Photo Source: Olga Filatova Photography

As an actor, the more skills you have, the more marketable you are. Having practiced Filipino martial arts since he was 2 years old, Ryan Monolopolus has always been interested in performance art. He gravitated towards acting in high school before studying film production and sociology in his hometown at the University of Buffalo. After starting Monolopolus Productions in 2011, Monolopolus moved to Atlanta in 2014 when he was cast in the film “Operator,” starring Ving Rhames and Luke Goss.

“I had never been to Atlanta,” admits Monolopolus. “I just packed my car and showed up because I heard film was going on here. I ended up producing all the behind-the-scenes content for that film through my production company. Luke Goss’ assistant, who runs his own production company, started training on some of the weapons and martial arts with me. Then I started teaching classes to a couple of different people in town to feel out what the market was for it here. I decided that what we could bring to the table was different than what existed. I got some people together and we decided to launch On Camera Combatives in Atlanta.”

Since its inception in spring of 2014, OCC has held seminars and classes in Atlanta, Savannah, Louisiana, and other areas, teaching fight movement to more than 2,500 actors, stunt performers, and other industry professionals. As a working actor and stunt performer, Monolopolus’ experience as a martial arts competitor and instructor translates into additional storytelling tools for him and his students.

“What we’re trying to do is create a synthesis of any special skill that happens in the world of film and performance art and be a training network and platform for people to share that and build on that,” he says. “Instead of something that is stunt or acting specific or something that’s just the production side, we’re trying to bring all those things together to talk about how we can most efficiently communicate with our bodies and our mouths to make exciting and dynamic content.”

In addition to teaching hand-to-hand combat, various weapon skills, military tactics, and motion capture techniques, OCC classes are filmed, allowing students to review their own performances.
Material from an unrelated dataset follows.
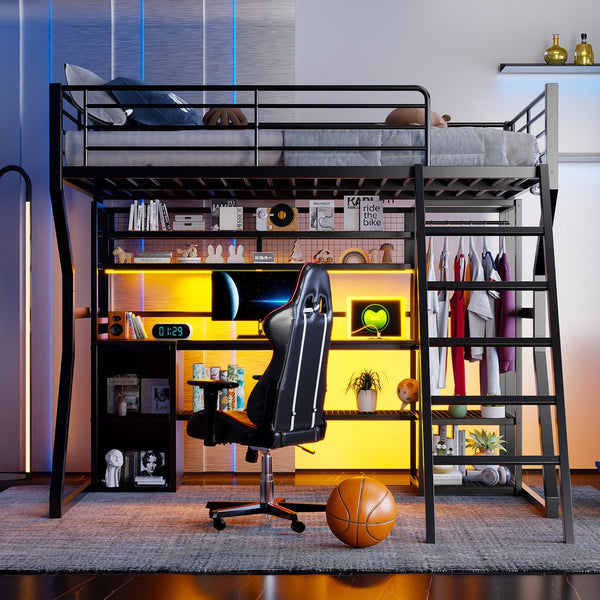English Elm Full Size Metal Gaming Loft Bed With Workstation, Led Lights, Storage Solutions & Open Wardrobe N7090000666B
Students’ headshots are also added to OCC’s database, which provides a variety of casting opportunities.

“Even though we focus on the performance side in class, we always have an action videographer on staff and a professional director of photography,” he adds. “Any time we’re running a course or on a production, this DP understands the language of fight movement that the performers are talking about. We believe a more educated performer knows more about production and a more educated production person knows more about performance.”
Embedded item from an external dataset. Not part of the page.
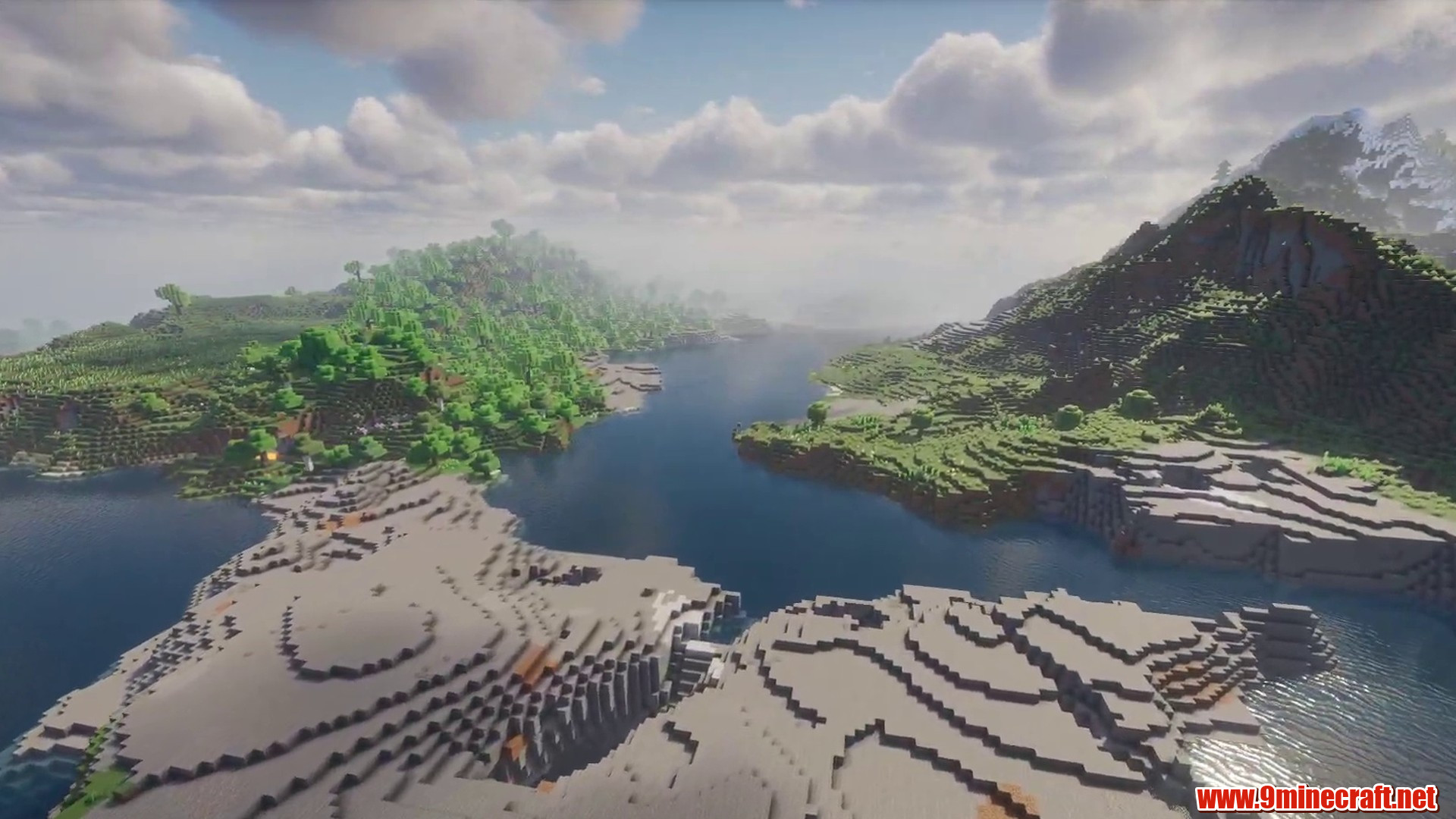 Scenic terrain from Minecraft seed 7215193760814317598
With his accomplishments as a writer, producer, and director, Monolopolus is just as comfortable behind the camera as he is in front of it. In addition to recent stunt and acting work on Georgia-filmed shows such as “The Originals” and “Separation Anxiety,” Monolopolus also has several of his own productions debuting over the next few months, beginning with the premiere for “64/8” at the Plaza Theatre on May 5.

Co-directed by Monolopolus and Edward Reid, “64/8” is a dark comedy about being a background extra on Georgia productions, filmed at Atlanta-area prop store All About Props with a Georgia-based cast and crew. The premiere screening includes a pre-party, red carpet event, Q&A, and networking reception, where casting directors for Monolopolus’ next pilot, “Force,” will be on hand. The following month, “Alpha,” the short film directed by and starring Monolopolus, premieres at the inaugural Terminus film convention.

From his background in martial arts to his work as an actor and stunt performer to his own casting and directing endeavors, Monolopolus embodies the idea that the more you learn, the farther you’ll go.

“The big thing I pull from what I do is just get out there and do,” he says. “Don’t be afraid to network and collaborate with the local film community, but also don’t be afraid to do the work to make things happen. Don’t put yourself in a bubble; incorporate yourself into the network of actors and filmmakers. Make sure you are proficient before you say you can do something. Taking a class on something is different than being proficient in something. Just be honest about what you’re able to do and get out there and do it.”